# TRY IT
With the pictures left out, copy the records below exactly from the first line down to the line holding "Now the number", and include that line.

Collected data
+ + + + + + +
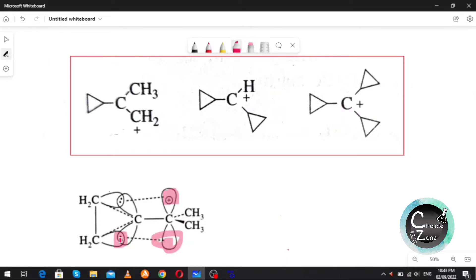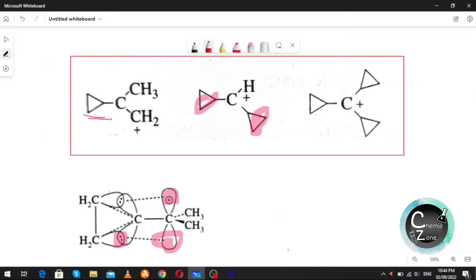Due to this reason, cyclopropyl methyl carbocations are more stable than benzylic carbocations. As the number of cyclopropyl rings increases, the stability also increases, because the conjugation between the vacant p orbital and the bent orbital of the cyclopropyl ring increases.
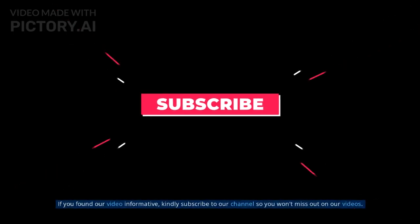If you found our video informative, kindly subscribe to our channel so you won't miss out on our videos.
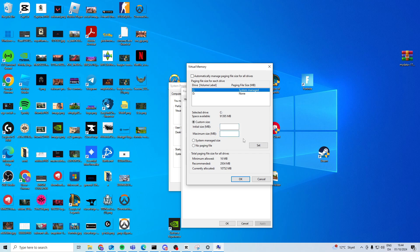Now the number we're going to write in here depends on your PC. So as you can see here for me it says currently allocated 10752 so that's the number I'm gonna write. Now you should have another number and you want to write your number in both of these.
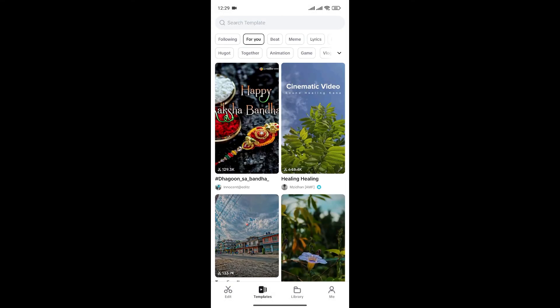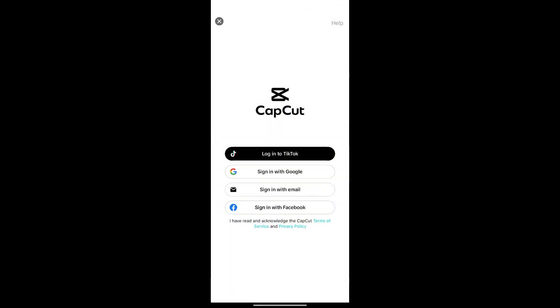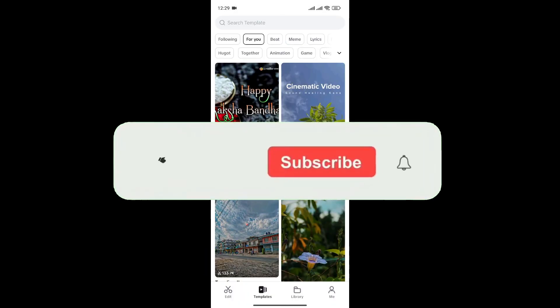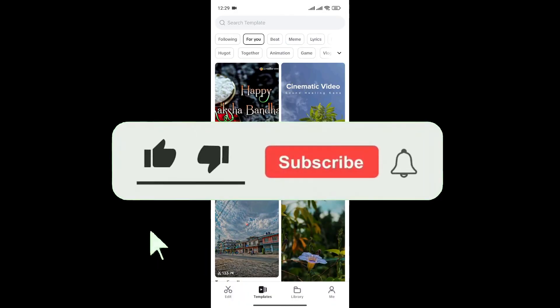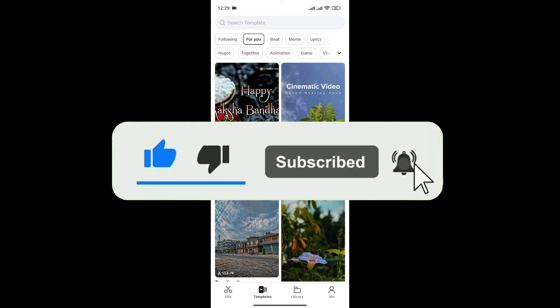And just like that, we can sign out of our CapCut account. If you found this video helpful, don't forget to give this video a thumbs up and subscribe to our channel for more tutorials like this.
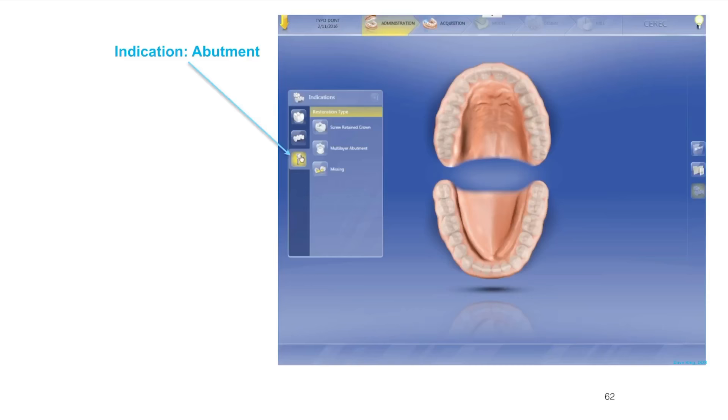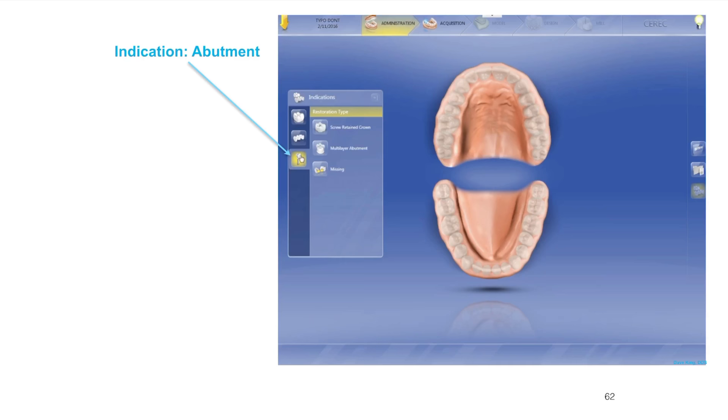Welcome back. Let's move forward into the administration setup phase of setting up a restoration in the CEREC 4.4 version software for implant restoration. The first thing we have to choose is the indication. This is assuming we've already set up our patient as you know from using the CEREC before.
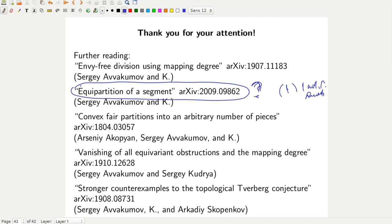We have no time, but everybody may look at the references or write a letter to some of the authors. If anybody has a short question please ask, otherwise let us wait until the next speaker is ready with his slides.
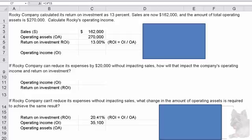Let's explore this return on investment problem. We'll start off with what's listed right here. It says Rocky Company calculated its return on investment is 13 percent. Sales are now $162,000 and the amount of total operating assets is $270,000. Calculate Rocky's operating income.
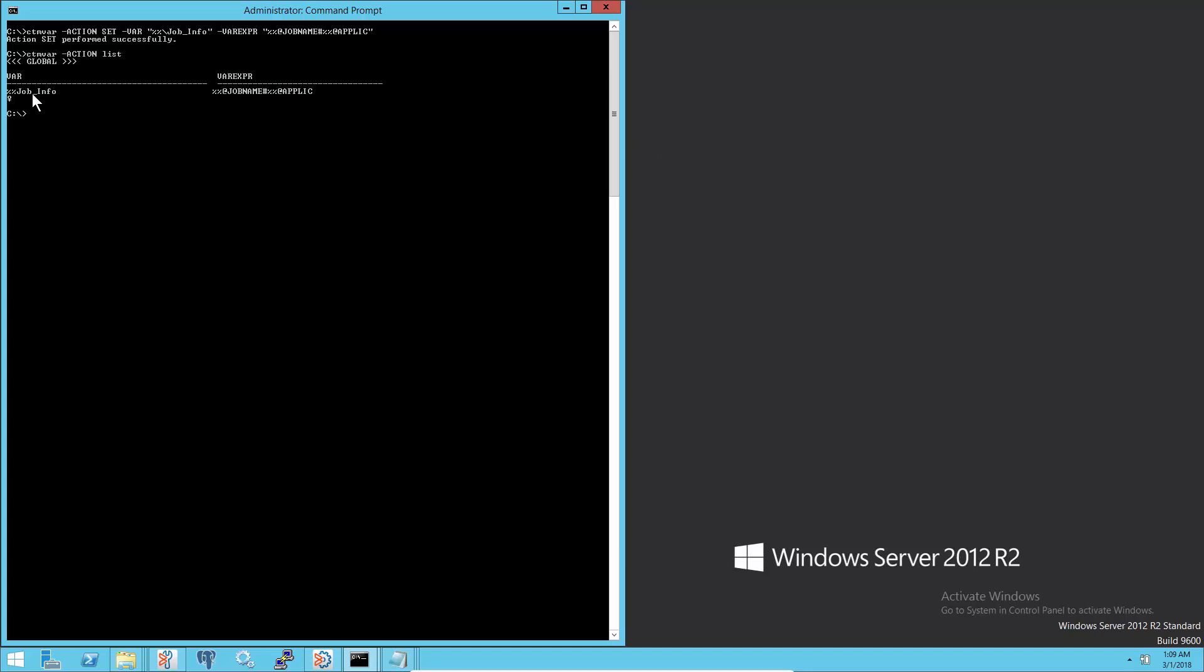We could use different Control-M variable names and format according to the requirement in the jobs.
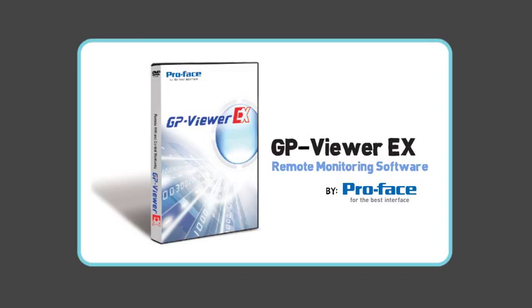GP Viewer EX is an ideal tool to service and support multiple locations, saving you time and money.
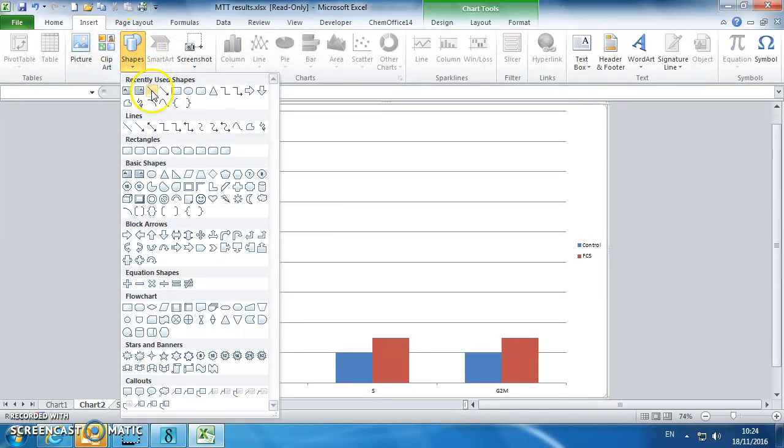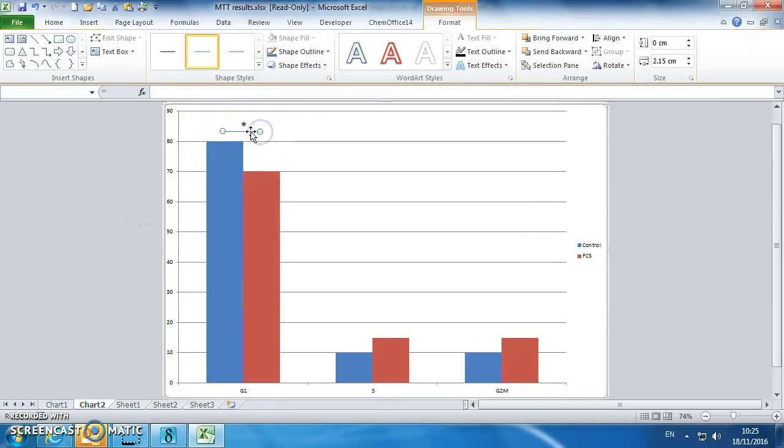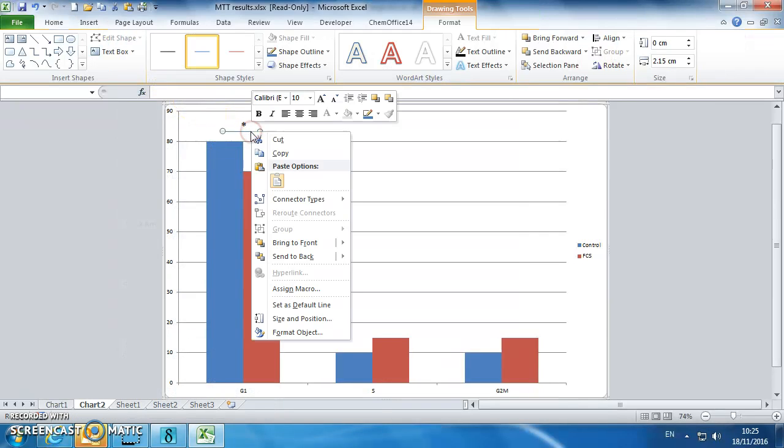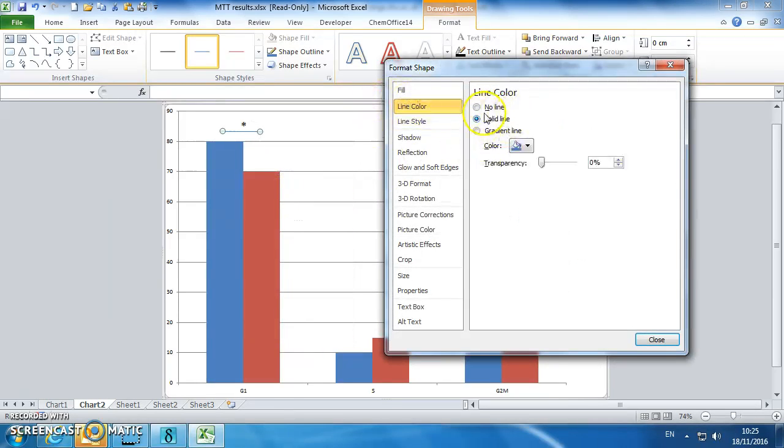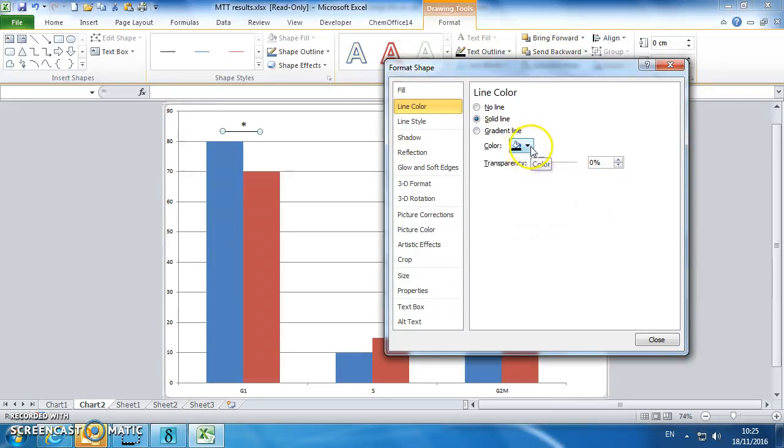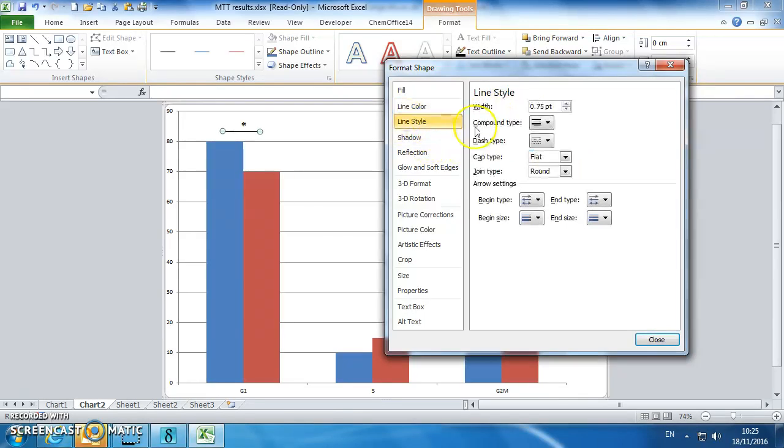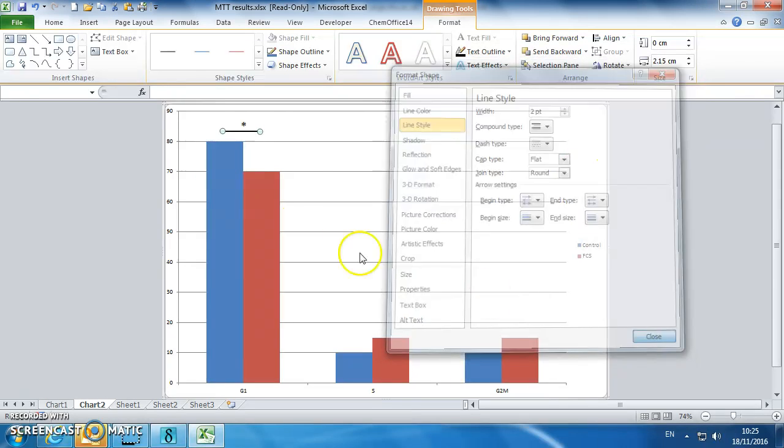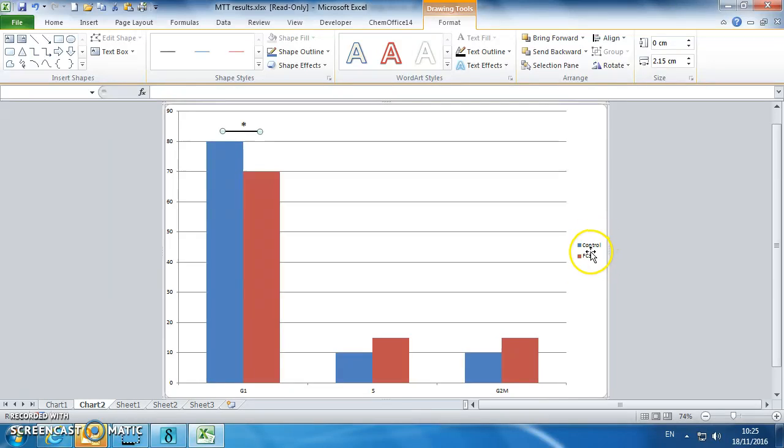Just to be sure what we're talking about, we're saying that that compared to that are significantly different. Let's make it black, solid line, make it nice and thick. So that's telling us that between G1 and your control in your FCS group, you've got a significant difference.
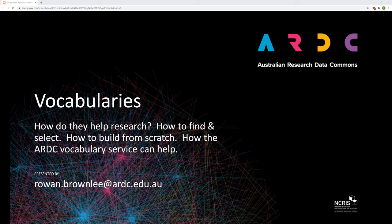Vocabularies. How do they help research? How do you find them? If one doesn't exist, how do you build a vocabulary from scratch? And how can ARDC Vocabulary Service help?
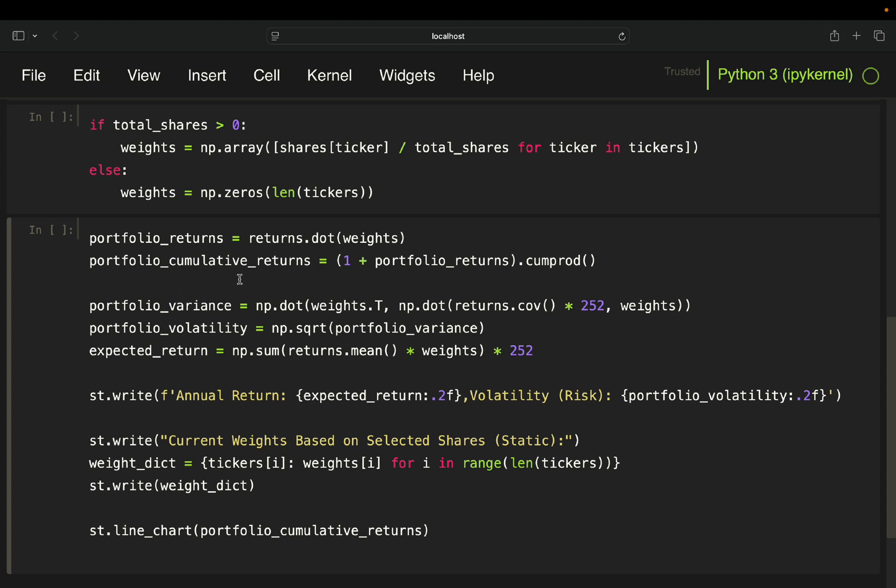Then portfolio variance. Simple story here also explained in detail both in my previous videos and in detail in my Python for Finance course. You take the covariance matrix, take the dot product with the weights vector and then again take the weights vector dot product with the results of that. And then you take the square root to get to the portfolio volatility.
+ + + + + + +
# EXPECTED OUTPUT
Due to this reason, cyclopropyl methyl carbocations are more stable than benzylic carbocations. As the number of cyclopropyl rings increases, the stability also increases, because the conjugation between the vacant p orbital and the bent orbital of the cyclopropyl ring increases.
If you found our video informative, kindly subscribe to our channel so you won't miss out on our videos.
Now the number we're going to write in here depends on your PC. So as you can see here for me it says currently allocated 10752 so that's the number I'm gonna write. Now you should have another number and you want to write your number in both of these.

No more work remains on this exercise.